TM2: N’gana Yéo

Ecrire pour exister, et traduire pour naître : Quelle approche pour la traduction des noms dans La carte d’identité ?​

N’gana Yéo

Federal University of Santa Catarina, Brasil

Résumé: Si la victoire de l’écriture sur l’oralité – telle que présentée par l’histoire – est aujourd’hui un fait concret dans le domaine de la connaissance; il s’agit là, pour les intellectuels africains, d’un aspect fondamental pour réfléchir sur l’épistémè et son mode de transmission. Passer de l’oral à l’écrit, c’est accepter de se métamorphoser, c’est briser certaines barrières invisibles pour en reconstruire d’autres plus visibles, plus coercitives, plus affamées. Cette victoire octroie ainsi à l’écrit, un superpouvoir entretenu depuis des siècles. Bakhtine disait que « là où il n’y a pas de texte, il n’y a pas d’objet d’étude et de pensée » (Cf. Ricard, 2011). Écrire est alors chez Jean-Marie Adiaffi, comme chez nombre de ses contemporains, une question d’existence en soi, de vie ou de mort. Dans cette communication, je montrerai comment dans ce qui est loisible d’appeler un « retour à soi », ou «retour aux sources », Adiaffi a, par devoir de mémoire, redonné aux noms propres une autre dimension et une certaine précellence. Ils deviennent donc, en tant qu’univers, la pièce essentielle pour la construction de la subjectivité, pour l’inscription de l’identité. Ce travail présentera aussi comment la notion ricardienne de « traduction dialogique » (Ricard, 2011) fonctionne dans le cadre de ma traduction de La carte d’identité de Jean-Marie Adiaffi vers le portugais brésilien. Ainsi, je maintiendrai le projet didactique et initiatique de l’auteur dans lequel les anthroponymes et expressions en langue Agni sont des marqueurs culturels indéniables et indispensables.

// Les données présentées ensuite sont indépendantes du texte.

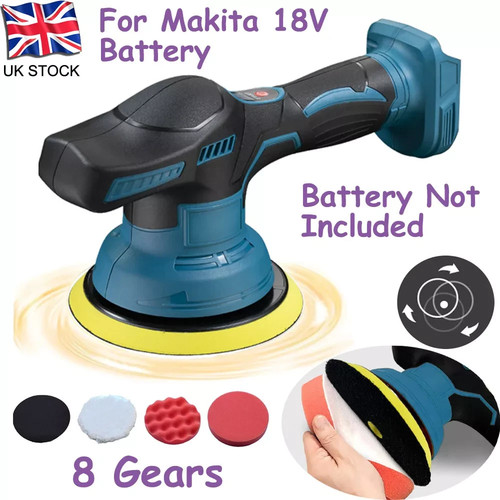 Gears cordless car polisher - 8,
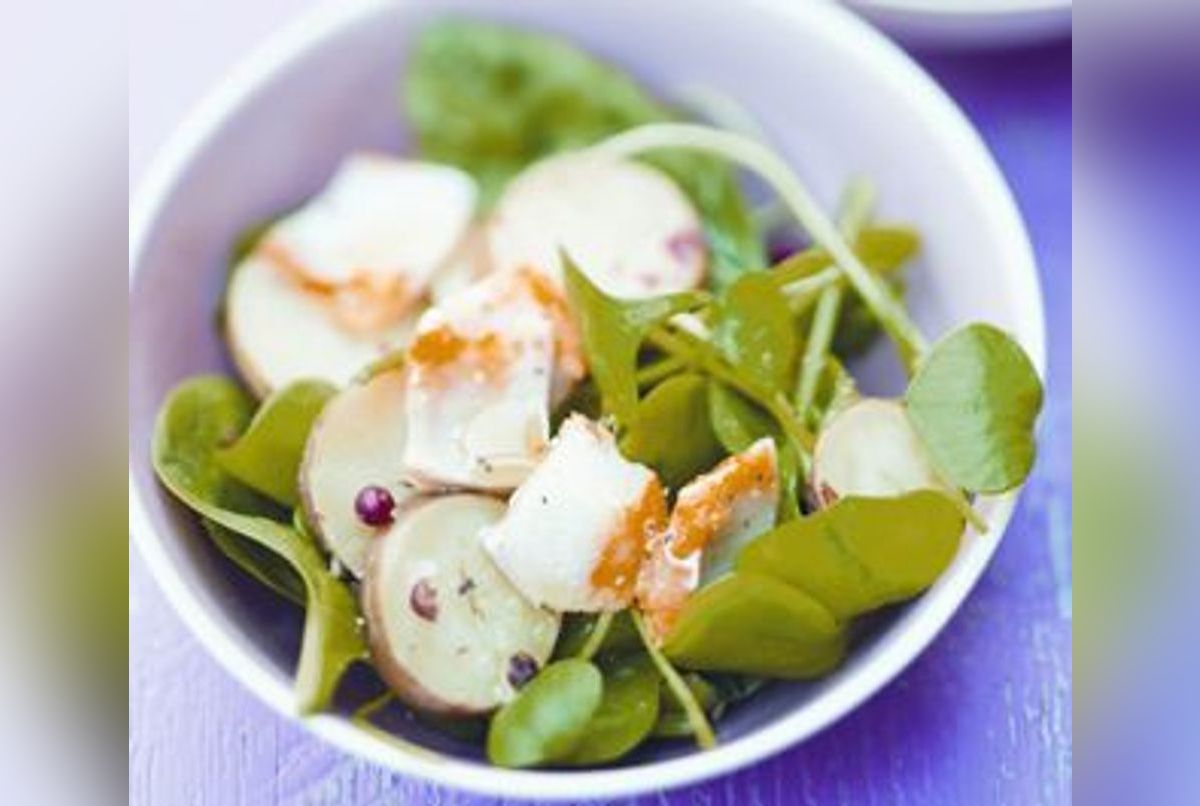 Pommes De Terre Et Haddock En Salade Recette Salade Haddock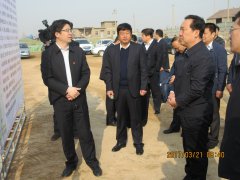 市委書(shū)記王浩一行視察S102濟(jì)青線淄博段改建工程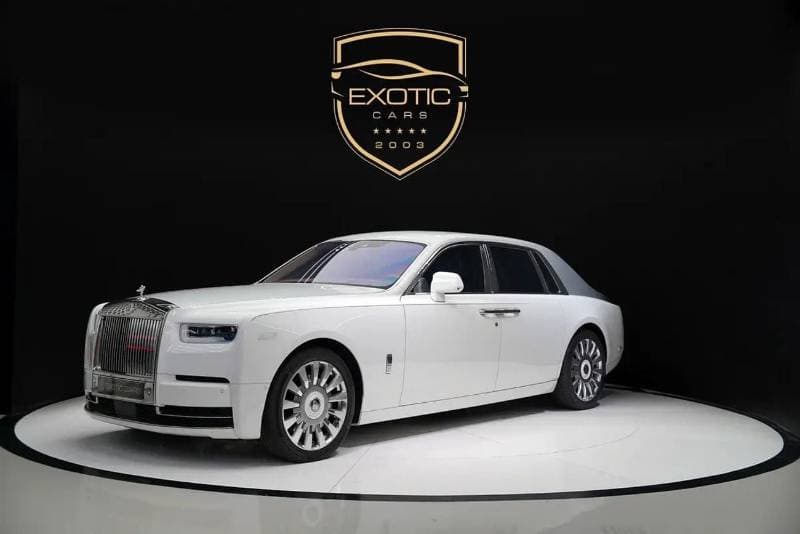 2019 Rolls Royce Phantom EWB
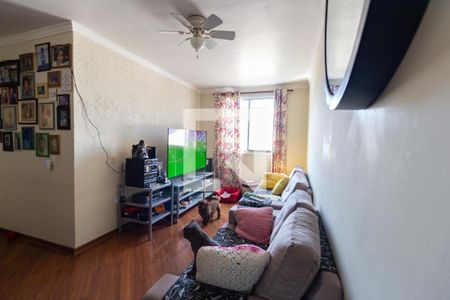 Sala de apartamento à venda com 2 quartos, 58m² em Vila Campo Grande, São Paulo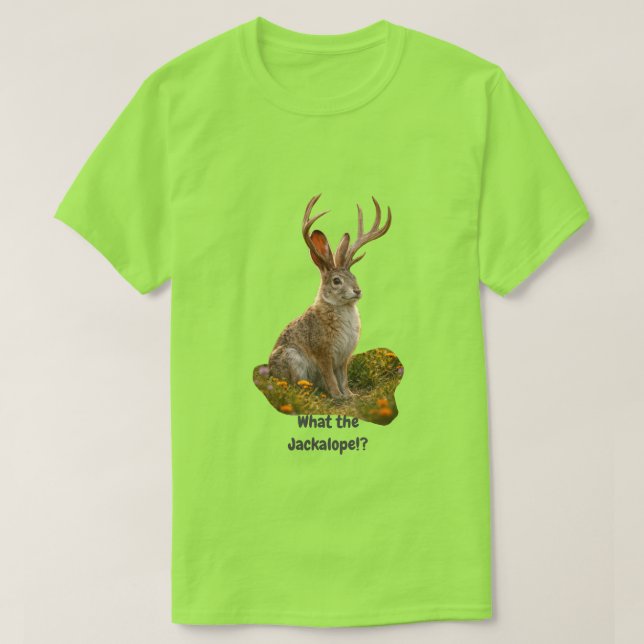 T-shirt Jackalope  (Design devant)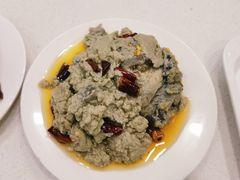 炒麻豆腐-老磁器口豆汁店(天坛店)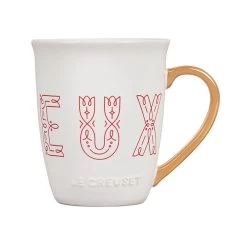 Le Creuset Noël Collection Extra-Large Joyeux Mug 10 Le Creuset Noël Collection Extra-Large Joyeux Mug -High End Kitchen RS17475 220714 LCP2442 lpr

Mots-clés: Traduction dialogique. Noms Propres. Agni. Jean-Marie Adiaffi. Littérature ivoirienne.

Notice biographique: Yéo  N’gana  is a Ph.D Candidate of the Post-Graduate Program in Translation Studies at the Federal University of Santa Catarina (UFSC) – Brazil. Fellow of the PECPG/CAPES scholarship programme funded by the Brazilian Ministry of Education, he is a member of the Research Unit in Translation History (CNPq/UFSC), and also member of the Editorial Team of Cadernos de Tradução. His research interests: Retextualization Process, African Literature, Translation History and Culture.